The threatening storm

This is fun, just the job for a rainy afternoon.  It’s a bit of a mash up, derived from the third and final painting in the watercolour class and  from a DVD I have by Jean Haines, “Watercolour Passion”.    Both tutors were using very wet paint,  Mike to create an atmosphere and Jean to loosen the mind and hand/arm in watercolour exercises which might, or might not be useful later.

The image for the course painting was of Milford Sound in New Zealand, with steep slopes and lowering clouds, a bright sea and a small steamer.  Mike was mixing his colours on the palette to achieve his vision, but Jean’s use of intense neat colour in the presence of copious amounts of water appealed to the colourist in me.

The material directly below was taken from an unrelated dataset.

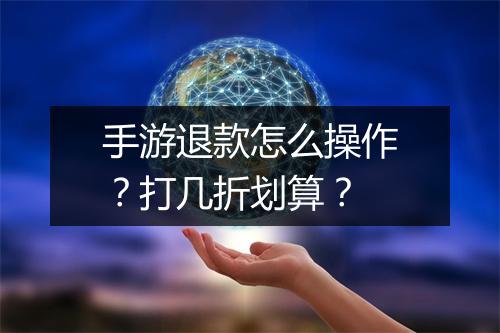 手游退款怎么操作？打几折划算？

I set the board at an acute angle about 45 degrees, and the paper at an angle on the board, as you can see.  The intention is to encourage the paint to run diagonally down the paper.  Using my squirrel mop, I started in the top corner using neat Indigo,just a few strokes fanning out.  Then I loaded the cleaned brush with  clean water stroking some at the edge of my paint strokes and some in the dark wet Indigo so that it ran in varying strengths but always diagonally.   I had a picture to paint (!) so I stopped  the careering paint with a stroke of clean water in the opposite direction defending the dry paper behind it which  later had pale colour added.   About half way down the paper I needed to make room the sea,  so I laid a piece of clean cloth across the paper and mopped up the excess water.   I laid damp brush strokes of clean water across the sea horizontally, letting the mountains bleed a bit.  I did enjoy that!

Let it dry thoroughly.

I used Manganese blue for the water, turning the paper to an upright position and using it quite intensely near the mountains, adding water as  I  approached the bottom of the paper.  At this board angle you don’t get cauliflowers!  Some dry brush strokes added craggy detail to the mountains.  Again let it dry thoroughly.   Finally I put in the steamer to give scale to the mountains and give humanity to the painting.  Though it’s not a masterpiece, it was exhilarating.  I think I prefer stage one to the finished result.